I've thought about making an updated version, maybe as a hosted service, if I can come up with something different enough so my old employer can't claim ownership. I did a little test marketing a while back and it didn't go that well, but maybe it just needs more experimentation.
This was the premise behind Spreadsheet.io (founder here). I wrote the xls/xlsx/csv/tsv pipeline parser that converts to JSON. Also wrote a native Excel add-in the embeds a JavaScript runtime / REPL for applying JS scripts against local files. Using scripts to extract, clean up and integrate data, etc.
Currently, it's sitting on my local machine collecting bitrot. Thinking about open sourcing it..
This sounds exactly like what SheetJS does. Where are the gaps between what patio posted about and what you are asking for? Just the JSON output and working as a service part?

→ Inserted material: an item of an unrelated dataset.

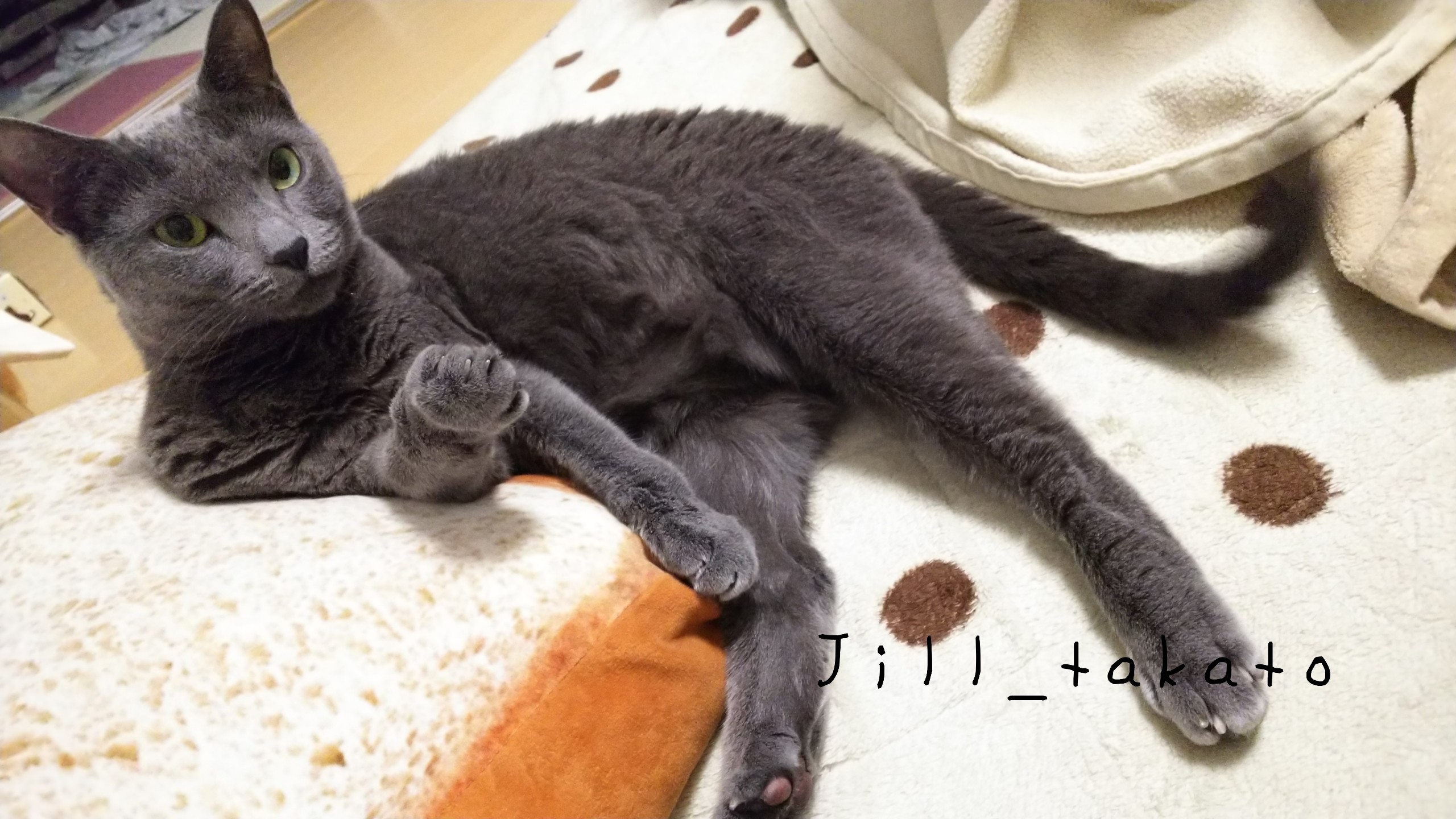 18-04-29-08-27-49-004_deco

Is such a thing really possible? To convert CSV (flat data) to JSON (hierarchical data) you need to know the hierarchy. When you convert from JSON -> CSV you lose that information, and to get it back converting CSV -> JSON you need some sort of out-of-band schema information. Otherwise you will just end up with "flat" JSON, which is not better than CSV.
Importing spreadsheets with column headings and data rows is bad enough - my biggest struggle is with spreadsheets used as fillable forms. I've spent tons of time working on generalizable tools for extracting this kind of semi-structured data but in the end each group of files requires a lot of custom work.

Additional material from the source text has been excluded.